Problem to work on
Copy exactly the lines starting at the one that contains "Imagen 2 del" and running through the end of the material below. Exclude any pictures.

Data for review
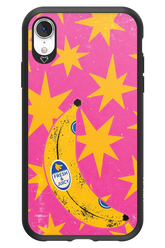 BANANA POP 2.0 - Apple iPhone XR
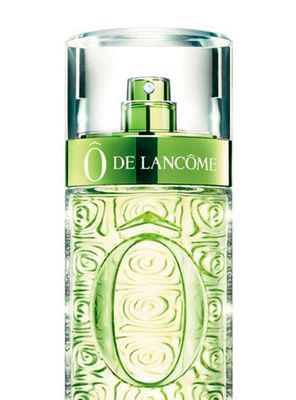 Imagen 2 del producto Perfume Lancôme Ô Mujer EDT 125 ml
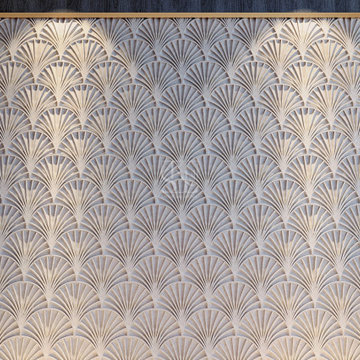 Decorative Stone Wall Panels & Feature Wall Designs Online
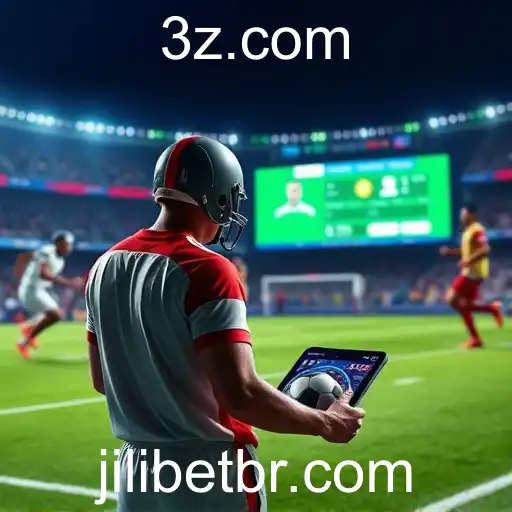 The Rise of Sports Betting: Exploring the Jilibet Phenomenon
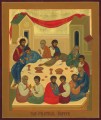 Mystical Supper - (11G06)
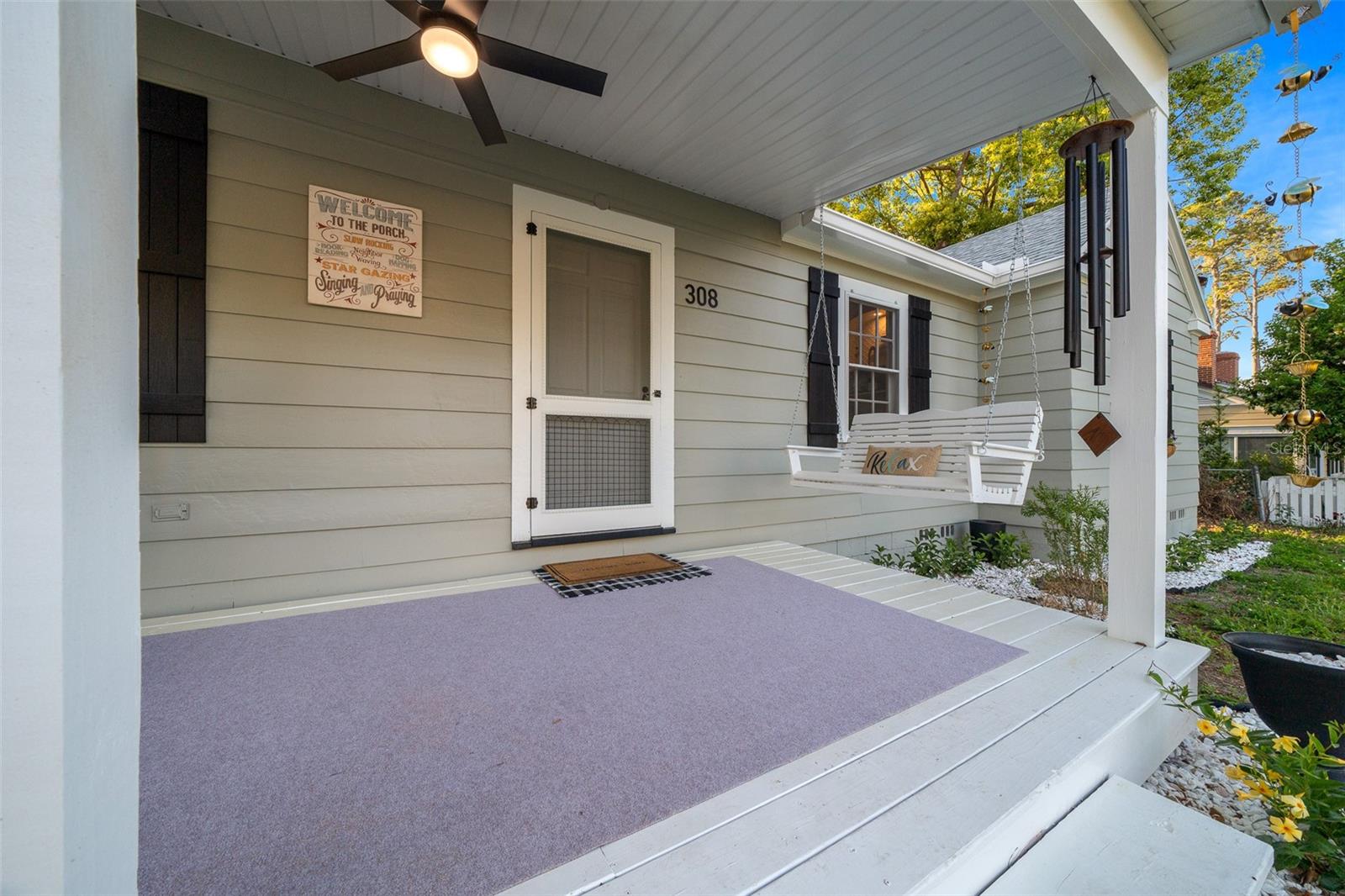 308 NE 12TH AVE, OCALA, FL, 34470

Solved problem
 Imagen 2 del producto Perfume Lancôme Ô Mujer EDT 125 ml
 Decorative Stone Wall Panels & Feature Wall Designs Online
 The Rise of Sports Betting: Exploring the Jilibet Phenomenon
 Mystical Supper - (11G06)
 308 NE 12TH AVE, OCALA, FL, 34470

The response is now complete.